Wystraszonego i zestresowanego owczarka zauważyła jadąca autem wolontariuszka gorzowskich Azorków. Biegł on środkiem ulicy. Pomogła jej młodzież, która próbowała złapać psa. Natalia Kawczyńska zablokowała ruch na rondzie turbinowym i ruszyła w stronę czworonoga. Po chwili udało się jej go złapać. Niestety inni kierowcy wykazali się znieczulicą.
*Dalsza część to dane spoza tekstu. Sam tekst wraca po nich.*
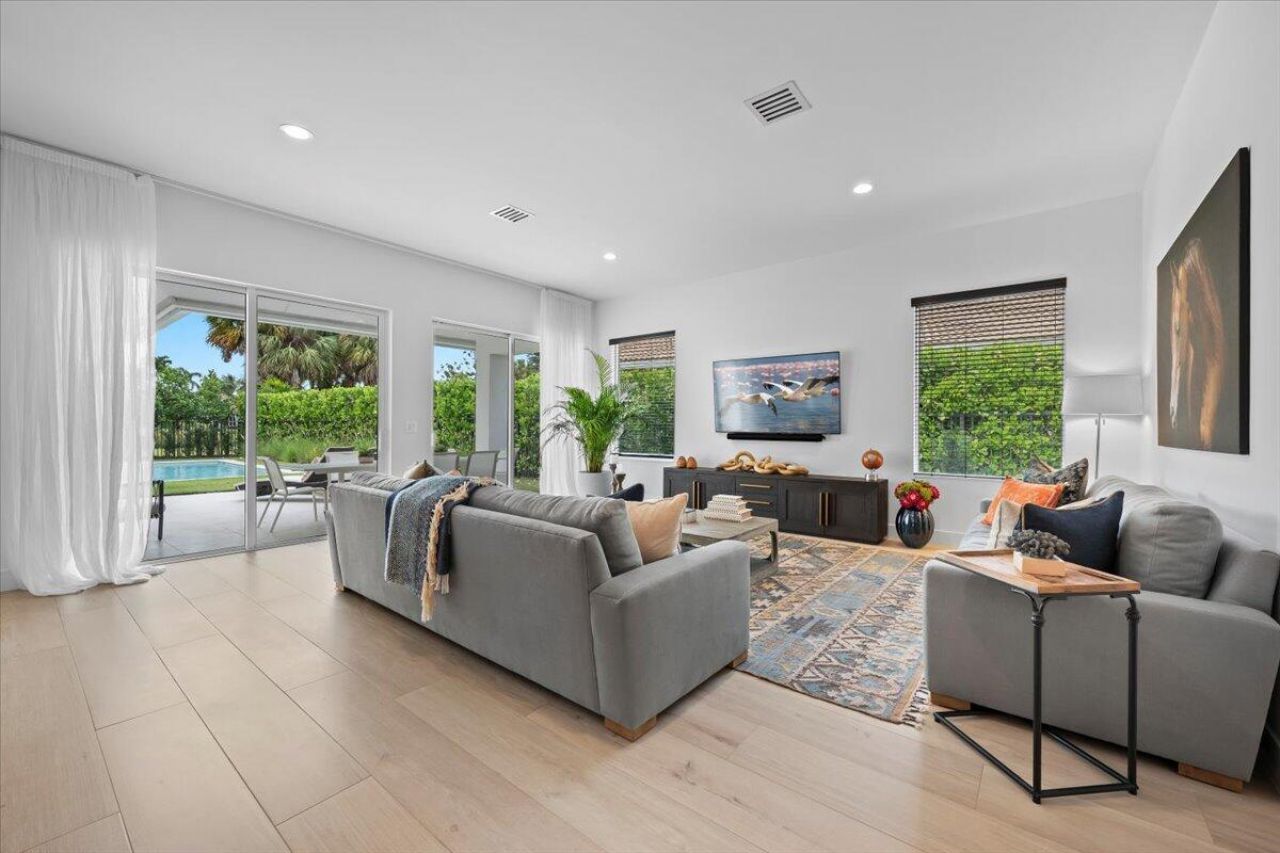 2951 Twin Oaks Way, Wellington, FL 33414 Photo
- Widzieli, że zablokowałam ruch, że chce złapać psa, który wbiega na przeciwległe pasy. Nikt się nie zatrzymał, ludzie go omijali, nikt nie pomógł, tylko w młodzieży nadzieja. To jest przykre. Młodzi ludzie przekazali, że pies został potrącony, sierść miał we krwii. Młoda sunia trafiła do weterynarza - opowiada wolontariuszka.
Na szczęście okazało się jednak, że to nie była krew a farba. Pies w dobrym stanie przebywa w schronisku przy Fabrycznej, gdzie czeka na właściciela. Natalia umieściła post na swoim facebooku.
Gdy jesteśmy świadkami takiej sytuacji - należy zadzwonić pod numer alarmowy telefonu 112. Nie zostawiajmy zwierzęcia samemu sobie.